일반적으로 하나의 row는 정보들의 집합사이의 relationship을 나타낸다. Prereq table은 course_id를 가지고있는 과목을 들으려면 prereq_id를 가지고있는 과목을 들어야 한다는 일종의 “관계”를 나타내고 있는것이다. 따라서 이 경우, prereq table의 row는 두개의 과목들간의 관계를 나타내고 있는 것이다. Table은 결국 row의 집합이기 때문에 “table”이라는 개념과 수학적인 의미에서의 “relation”은 깊은 관련이 있다. N개의 값들사이의 관계는 수학적으로 n-tuple로 나타낼 수 있다. 즉, n개의 값을 가지고있는 tuple은 table에서의 row를 나타낸다.

Relational model에서 relation은 table을 의미하고 tuple은 row를 가리키며 attribute은 table의 column을 나타낸다.

relation = table
tuple = row
attribute = column

따라서 위에서의 instructor이란 “relation”은 4개의 “attribute” (ID, name, dept_name, salary)를 가지고있는 것이다.

Relation Instance

Relation instance는 어떠한 relation의 특정 instance를 가리킨다. 예를들어, 위의 course table은 course란 relation의 relation instance인 것이다.

Row의 순서는 상관 없다

Relation은 tuple의 집합(set)을 의미하기 때문에 어떤 순서로 row가 등장하는지는 relation의 속성에 영향을 주지 않는다.

Domain

Relation의 각 attribute이 가질 수 있는 범위를 domain이라고 부른다. 예를들어 instructor table에서 salary란 attribute의 domain은 자연수(ex.

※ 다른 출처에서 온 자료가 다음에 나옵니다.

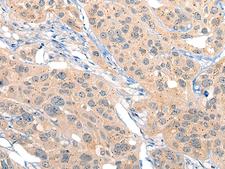 IIP45 / MIIP Antibody - Immunohistochemistry of paraffin-embedded Human esophagus cancer tissue  using MIIP Polyclonal Antibody at dilution of 1:45(×200)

USD)일 것이다.

Atomicity of Domain (원자성)

모든 relation r에 대해서, r의 모든 attribute은 atomic 이여야 한다.

원자란 뜻을 가진 atom에서 유추할수 있듯이, atomicity는 더 이상 쪼개질수 없는 unit을 지칭한다.

따라서 domain이 atomic하다는 말은 domain에 속한 모든 원소가 더이상 쪼개질 수 없는 가장 최소한의 단위여야 한다는 말이다. 예를들어 instructor table이 휴대폰 번호의 리스트인 phone_numbers이란 attribute을 가진다고 해보자. 이 경우에 phone_number의 domain은 atomic하다고 볼 수 없다. 만약 단 한개의 핸드폰 번호를 나타내느 phone_number이란 attribute이 있다면 atomic하다고 말할 수 있다.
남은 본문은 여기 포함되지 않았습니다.